Monday, December 22, 2003

The Bush administration has categorized Saudi Arabia as the worst violator of religious freedom in the Middle East, but has refrained from placing the kingdom in a category that would have resulted in U.S. arms sanctions.

A State Department report cited Saudi Arabia as the most flagrant violator of religious freedom in the region. They said the Saudi kingdom continues to display hostility toward non-Islamic religions despite numerous U.S. appeals.

But the report, dismissing a recommendation by a congressionally-mandated U.S. commission, avoided placing Saudi Arabia in a category termed "countries of particular concern." The six countries in that category have been subject to a range of U.S. sanctions, including a ban on the delivery of U.S. military platforms, Middle East Newsline reported.

Saudi Arabia is the biggest client of U.S. weaponry and has been negotiating several major deals to modernize the kingdom's military and National Guard.

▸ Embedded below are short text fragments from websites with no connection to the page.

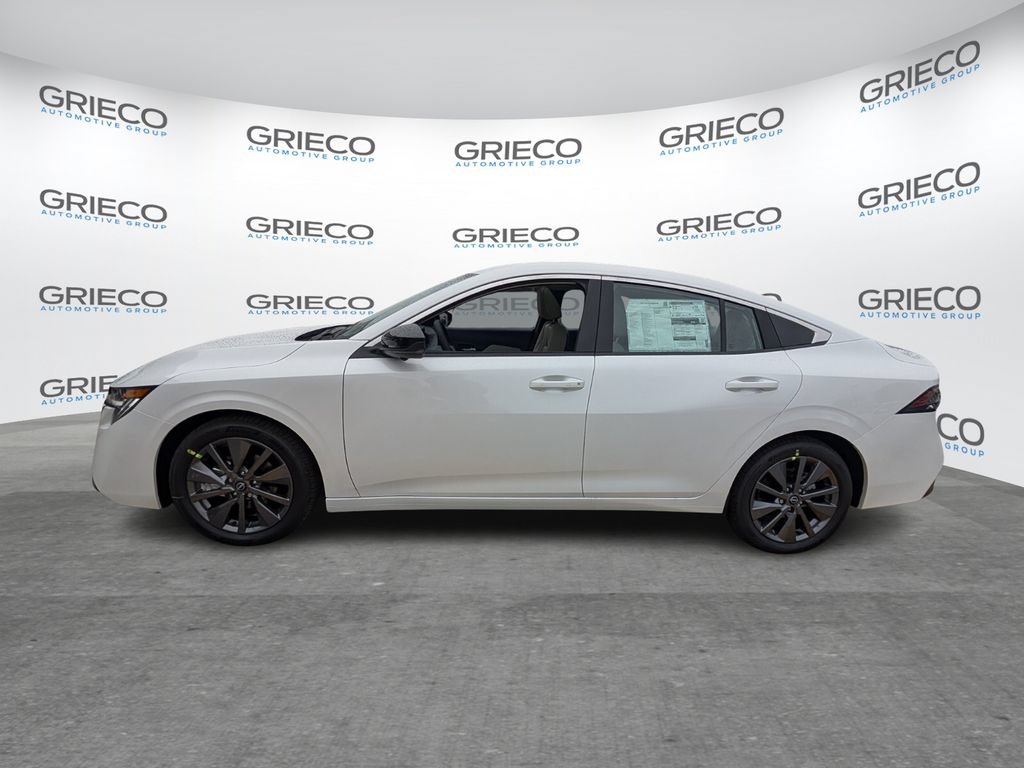 New 2026 Nissan Sentra SL w/ Floor Mat Package FWD image 4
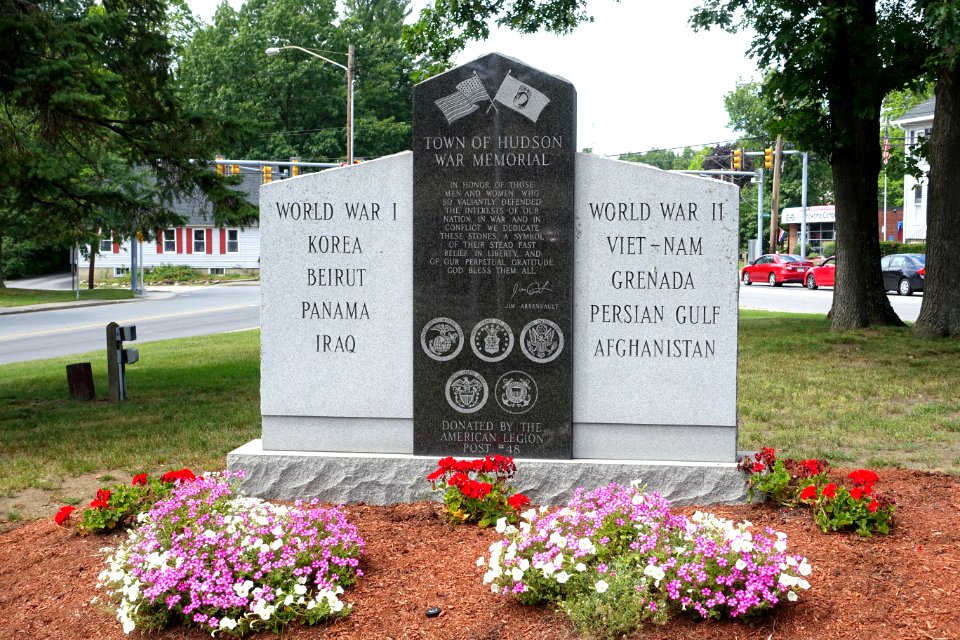 War Memorial - Hudson, New Hampshire - DSC07451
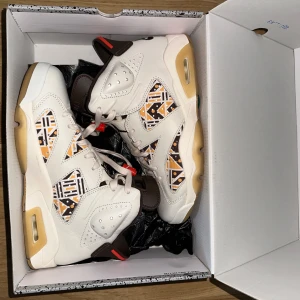 Jordan 6 Retro Quai 54 Sail Brown - Säljer ett par Jordan 6 Retro Q54 i mycket bra skick. Köpta på sneakershyllan i Göteborg men bara använda en gång av mig. Älskar det unika mönstret men får ingen användning av dem så hoppas dem hittar ett nytt hem. Säljs just nu på Stock X för 266$. Original box medkommer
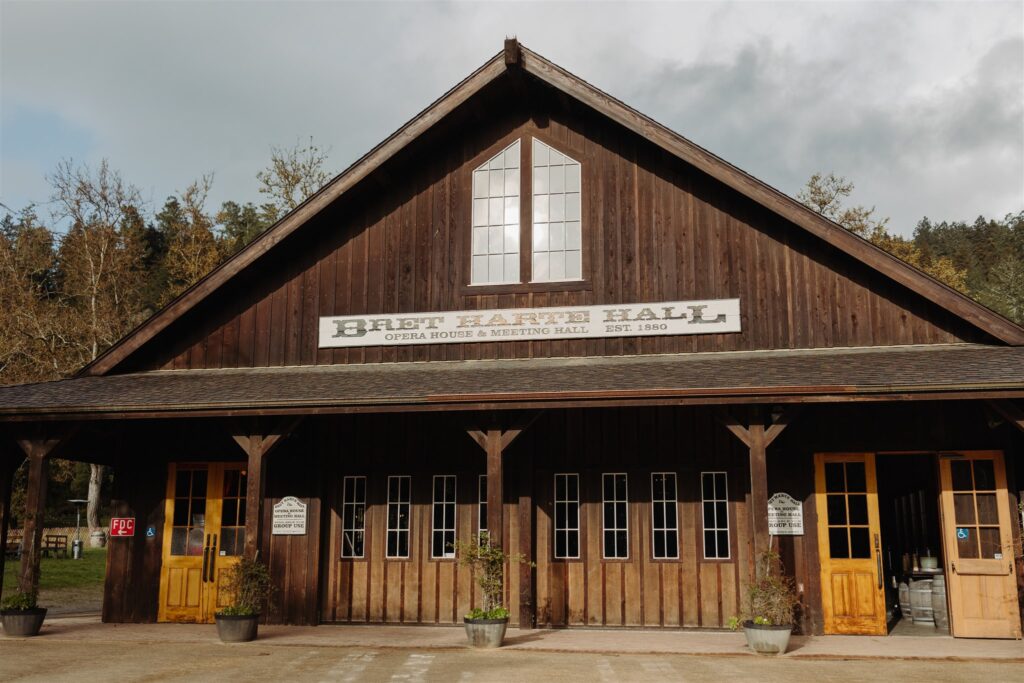 bret hart hall rustic barn venue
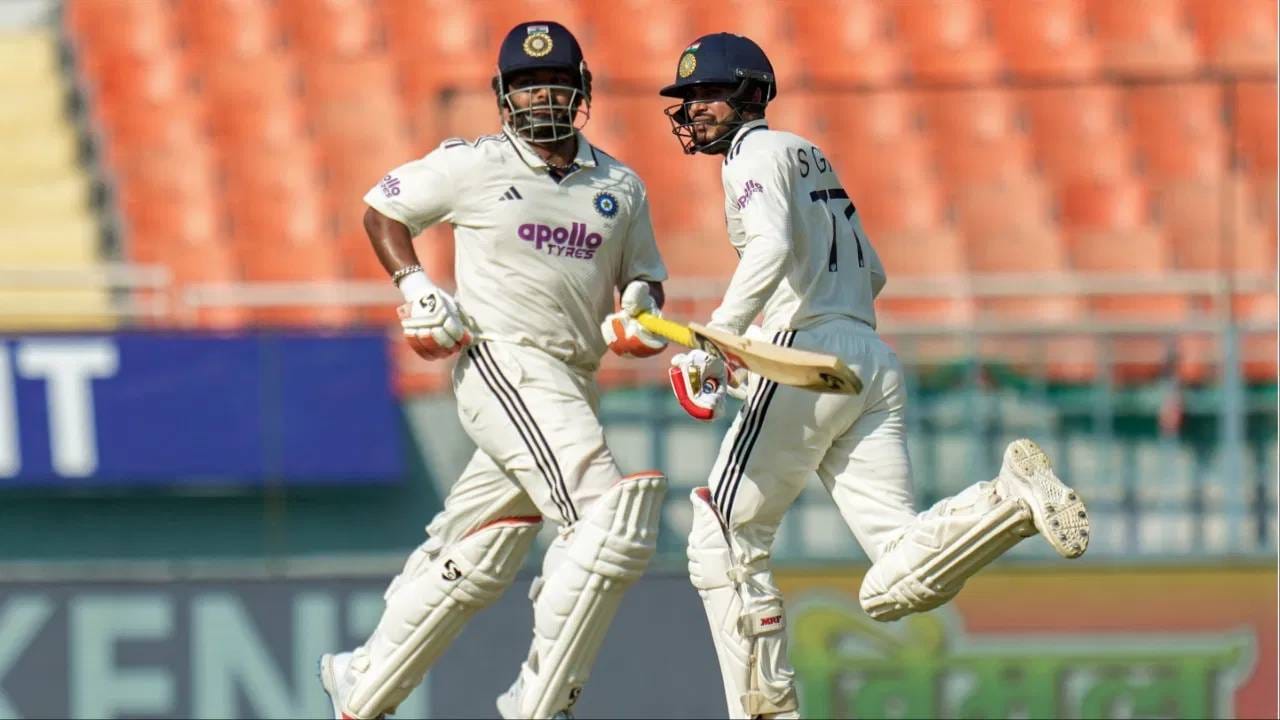 टीम इंडियाची निवडीनंतर भारतीय संघ 4 ऑगस्टला श्रीलंकेत रवाना होणार आहे. तिथे 7 ऑगस्टपासून एक 4 दिवसांची वॉर्मअप सामना खेळणार आहे. (Photo: PTI)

The six countries of particular concern are Burma, China, Cuba, Laos, North Korea and Vietnam. Iran has not been on the list State Department list despite being cited as a major violator of religious freedom in the Middle East.

"Freedom of religion does not exist in Saudi Arabia," the report said. "Muslims not adhering to the officially sanctioned version faced harassment at the hands of the [religious police]."

"Saudi Arabia has been very close to the threshold, and in terms of restrictions of religious freedom there are few countries that are more restrictive in terms of their laws," John Hanford, the State Department's ambassador at large for international religious freedom, said. "There are other countries that are much harsher in terms of the ways that they manifest their laws, in terms of arresting and torture and murdering people.

The government of Saudi Arabia has begun to implement some measures to address this problem, and we will be in the process of trying to assess how far those are along before we make that final decision."

The department's report, however, said there was no change in the status of religious freedom in Saudi Arabia over the last year. The department cited the continued detention of Shi'ite leaders and members of the Ismaili Shi'a community in the Najran province.

Saudi mosque preachers paid by the government used what was termed violently anti-Jewish and anti-Christian language in their sermons, the report said. The report said Hindus, regarded as polytheists, faced greater discrimination than Christians with respect to compensation for accidental death and injury.

The report said the United States would press Riyad to honor its commitment to permit private religious worship by non-Muslims, to eliminate discrimination against minorities, and to promote tolerance toward non-Muslims. The report said U.S. embassy staffers have discussed allegations of Saudi religious rights violations with kingdom officials.